Sigit, dan Selly membeliak tak percaya. Lutut ketiganya lemas mendengar Martin memutuskan meninggalkan program yang dibangun bersama sejak pria itu belum menikah. Julian yang sudah menerima makian lebih dulu melalui pesan tidak terkejut, tetapi tetap kecewa karena rupanya keputusan Martin tidak berubah.
“Tin, tolong jangan keluar karena masalah kemarin,” bujuk Sigit.
Selly di sampingnya ikut mengangguk. “Kejadian semalam itu salah besar, tapi kami semua nggak tahu apa-apa. Sorry kalau kesannya gue nyalahin satu orang, tapi itu ulah Dalia sendiri. Kami aja kaget, Tin. Tolong pikiran lagi, ya.”
Martin tahu hanya Dalia yang bersalah, tetapi keputusannya sudah bulat. “Mau itu ulah sendiri atau bareng-bareng, gue tetep nggak bisa maafin orang yang udah hina istri gue di belakang dia. Selama ini kalian sering ngeledek Martha, tapi gue diemin, paling negur Julian yang seringnya susah dikasih tahu dan malah ngulangin. Gue masih sabar, tapi sekarang udah nggak lagi. Jadi, kalian semua berkontribusi atas keluarnya gue dari sini. Enggak cuma kejadian semalam, tapi ulah kalian beberapa waktu lalu udah bikin gue kecewa berat.”

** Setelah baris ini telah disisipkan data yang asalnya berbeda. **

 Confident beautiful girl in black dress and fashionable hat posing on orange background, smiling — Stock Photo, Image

Sebagai orang yang membangun kanal hingga sebesar sekarang, Julian, Sigit, dan Selly sangat menyayangkan keputusan besar Martin yang sungguh di luar dugaan. Namun, alasan Martin juga menimbulkan rasa bersalah, terlebih mereka belum pernah meminta maaf secara langsung, khususnya pada Martha sebagai korban. Martha tidak pernah mendengar ketika orang-orang di studio menggunjingnya, tetapi Martin bisa mendengar dan apa pun yang menyangkut sang istri, maka itu ikut jadi urusannya.
“Julian,” panggil Martin seraya menatap rekan seprofesinya yang hanya bungkam, padahal biasanya dia yang paling lantang. “Mana adik lo yang kurang ajar itu? Dia udah bikin istri gue malu! Apa jangan-jangan dia juga yang udah nuker gaun Martha?”

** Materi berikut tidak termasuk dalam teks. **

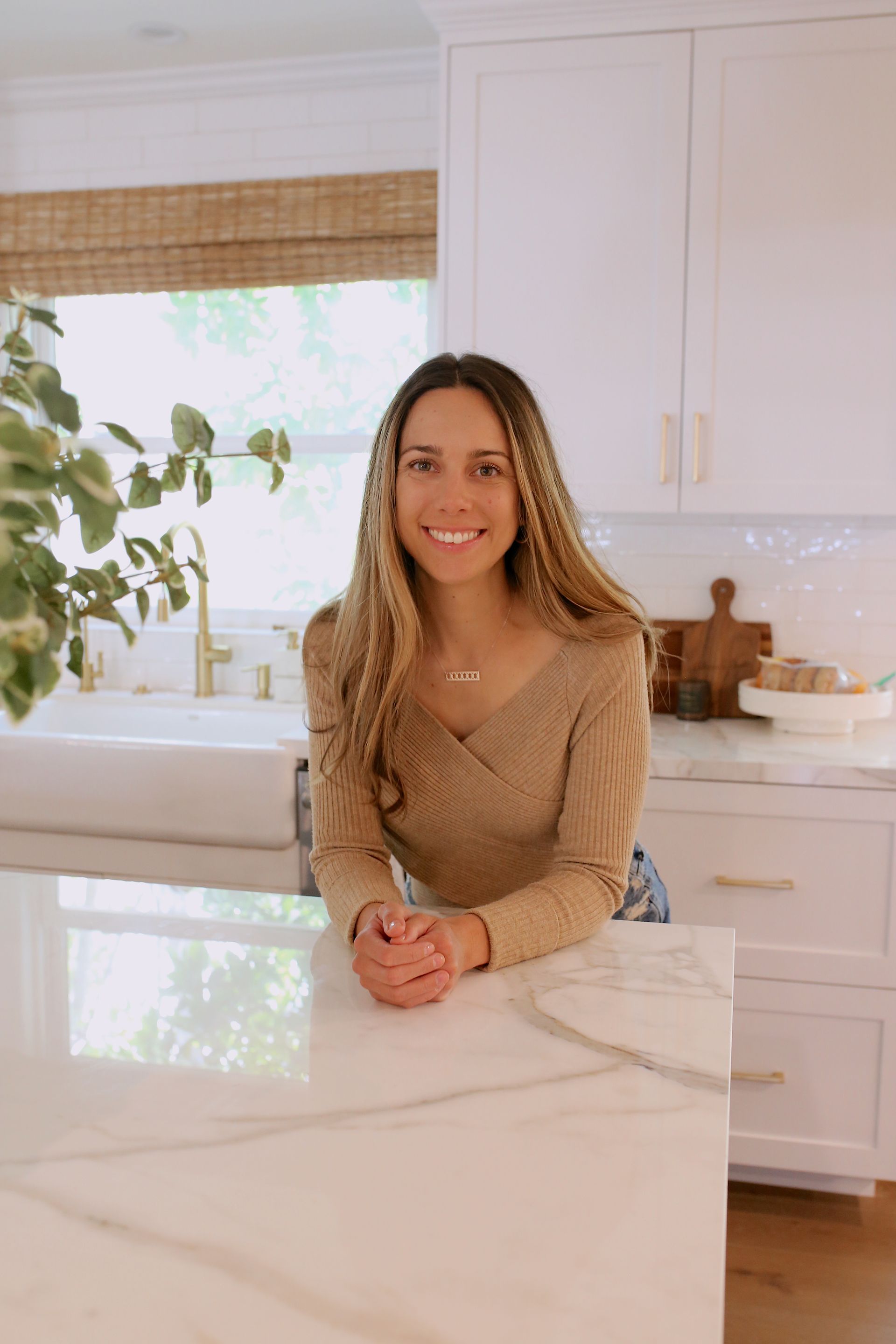 A woman is sitting on a counter in a kitchen.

Sudah Julian duga dia akan diserang membawa nama sang adik yang menjadi pelaku utama. Julian yang tidak bisa melawan karena tidak memiliki alibi apa-apa memilih mengakui tebakan Martin, bahkan tidak tersinggung ketika Dalia dihina seperti itu.
“Iya, dia nuker gaun Martha yang sempet lo simpan di sini. Tapi jujur, gue juga baru tahu semalam, Tin. Terus tadi pagi dia baru ngasih alasan kenapa bisa bertindak di luar nalar kayak gini,” jelas Julian, tidak mau menutu-nutupi aib Dalia. Pun tidak menutupi kesalahannya yang sudah dibeberkan Martin sebelumnya.

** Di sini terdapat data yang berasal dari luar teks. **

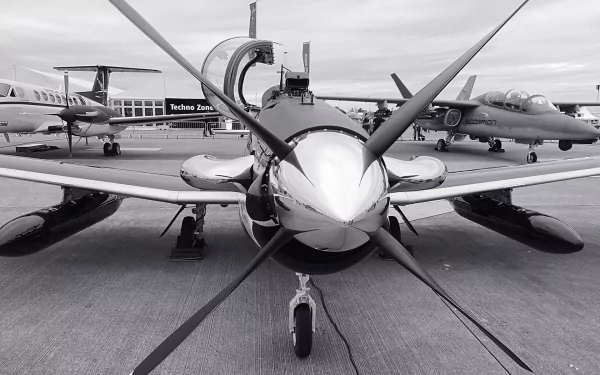 Front view of a Beechcraft T-6 Texan II military trainer on a tarmac with other aircraft; HD PC desktop wallpaper/background.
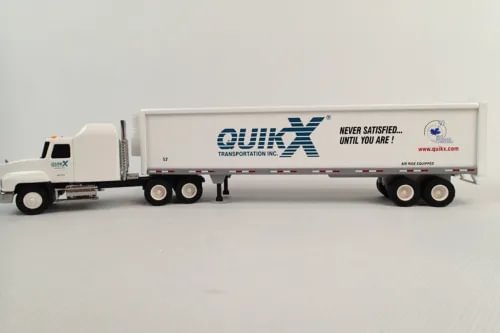 1:64 diecast box truck with Quik X logo, white trailer and blue cab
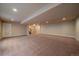 Finished basement with carpet, recessed lighting, and access to stairs at 2420 Nicholson St, Berthoud, CO 80513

“Apa alasannya?” tanya Martin sengit.
“Dalia haters Martha sejak lo nikahin dia. Dalia nggak suka idolanya nikah sama orang lain. Makanya kerja di sini ngasih dia keuntungan dan bisa ngerjain Martha abis-abisan. Tapi ini pun salah gue, harusnya nggak biarin Dalia kerja di sini. Sekarang semuanya udah telanjur kejadian.”
Fakta yang konyol, tetapi bisa memberikan dampak separah itu hingga Martha harus jadi korban dipermalukan oleh publik akibat ulah Dalia. Martin berdiri, otomatis disusul oleh tiga rekannya yang makin menyesali perbuatan mereka tempo hari.
“Lo semua berengsek!” maki Martin, tidak peduli ada Selly yang juga perempuan, sebagai salah satu yang salah karena telah membicarakan hal buruk soal Martha. “Gue mau Dalia bertanggung jawab atas semua kelakuan dia. Gue juga bakal tuntut dia dan orang-orang yang udah hina istri gue! Sekarang gue nggak akan diam, jadi kalian jangan ada yang nahan. Mending urus hidup masing-masing, anggap gue udah selesai sama kalian.”
Martin bergegas keluar dari ruang makan, tetapi segera ditahan oleh Julian yang tidak ingin membiarkan temannya keluar dari program mereka.
“Tin, please jangan gini. Gue rela dimaki, tapi jangan sampai keluar.”
“Bodo amat! Lingkungan di sini udah toxic, gue nggak mau makin bersalah sama Martha karena bertahan bareng kalian yang bisanya hina dia doang! Sekarang gue mau beresin barang-barang gue yang ada di sini dan jangan nahan gue!”
Martin menyingkirkan tangan Julian di pundaknya secara kasar, lalu turun tanpa peduli ketiga rekannya yang panik akan kehilangan orang terbaik dan menghancurkan program dalam satu malam.
Julian ikut bertanggung jawab atas semua yang terjadi, maka dia tidak akan melindungi diri maupun orang yang paling bersalah dalam hal ini; Dalia, adiknya.